Exercise: Begin at the line where "I do think you" appears and reproduce exactly every line through the end of the data below, both included, skipping pictures.

Information provided:

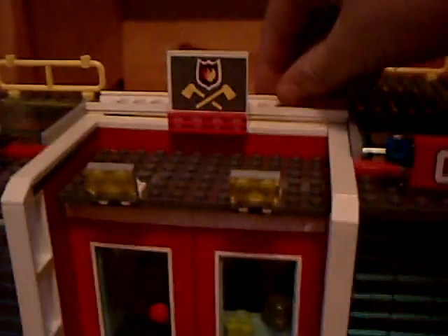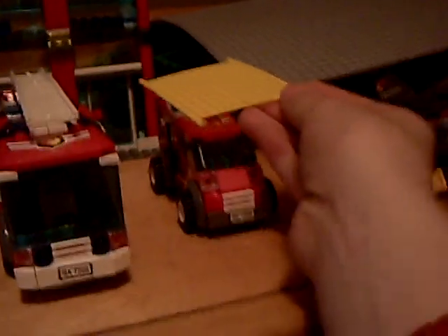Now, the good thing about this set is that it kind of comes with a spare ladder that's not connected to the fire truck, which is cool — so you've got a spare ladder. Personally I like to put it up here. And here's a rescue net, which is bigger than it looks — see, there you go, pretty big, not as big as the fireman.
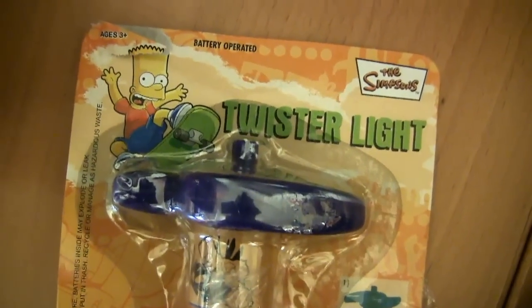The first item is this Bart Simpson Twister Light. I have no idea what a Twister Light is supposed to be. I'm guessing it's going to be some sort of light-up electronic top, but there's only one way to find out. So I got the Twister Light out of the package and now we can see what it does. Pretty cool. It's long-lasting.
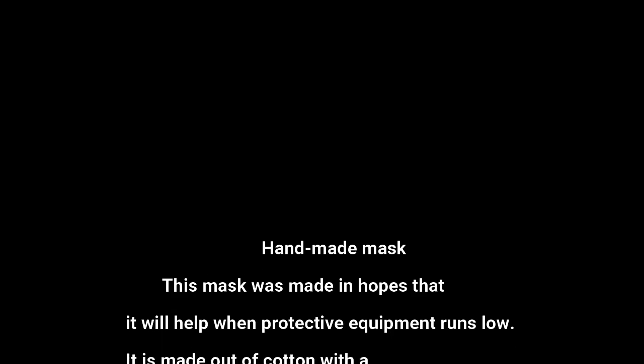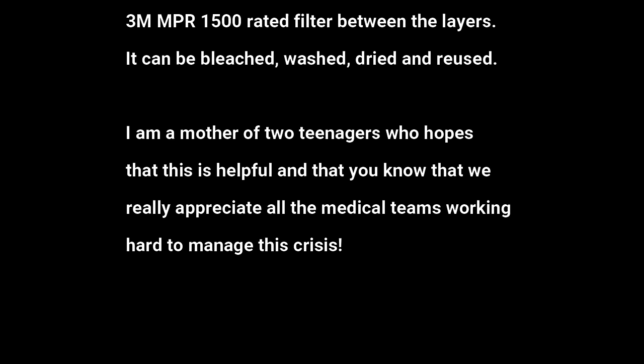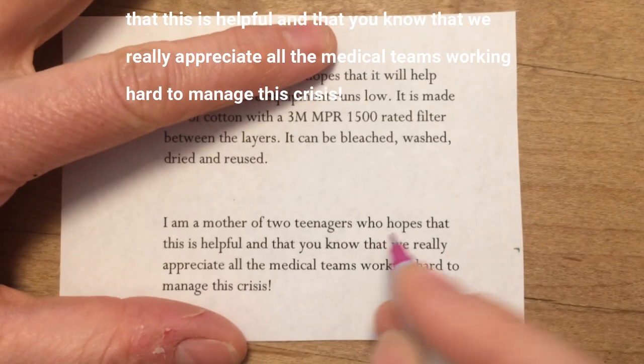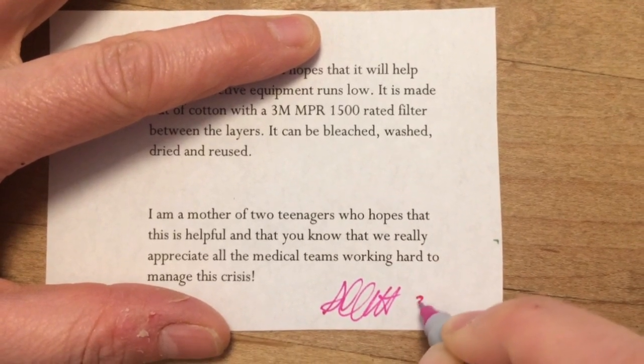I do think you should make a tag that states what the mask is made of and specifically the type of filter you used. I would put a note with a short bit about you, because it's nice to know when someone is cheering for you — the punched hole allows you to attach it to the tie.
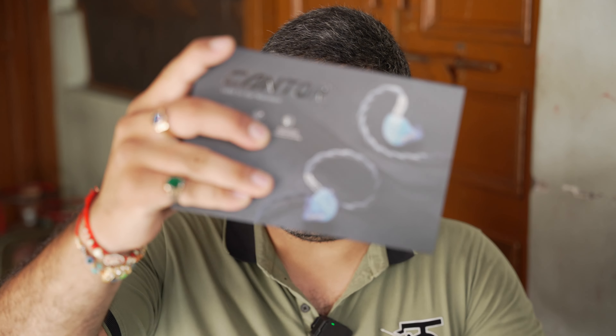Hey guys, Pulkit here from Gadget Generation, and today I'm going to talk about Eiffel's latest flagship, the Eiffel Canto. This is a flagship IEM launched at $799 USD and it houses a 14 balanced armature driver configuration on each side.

Task output:
I do think you should make a tag that states what the mask is made of and specifically the type of filter you used. I would put a note with a short bit about you, because it's nice to know when someone is cheering for you — the punched hole allows you to attach it to the tie.
Hey guys, Pulkit here from Gadget Generation, and today I'm going to talk about Eiffel's latest flagship, the Eiffel Canto. This is a flagship IEM launched at $799 USD and it houses a 14 balanced armature driver configuration on each side.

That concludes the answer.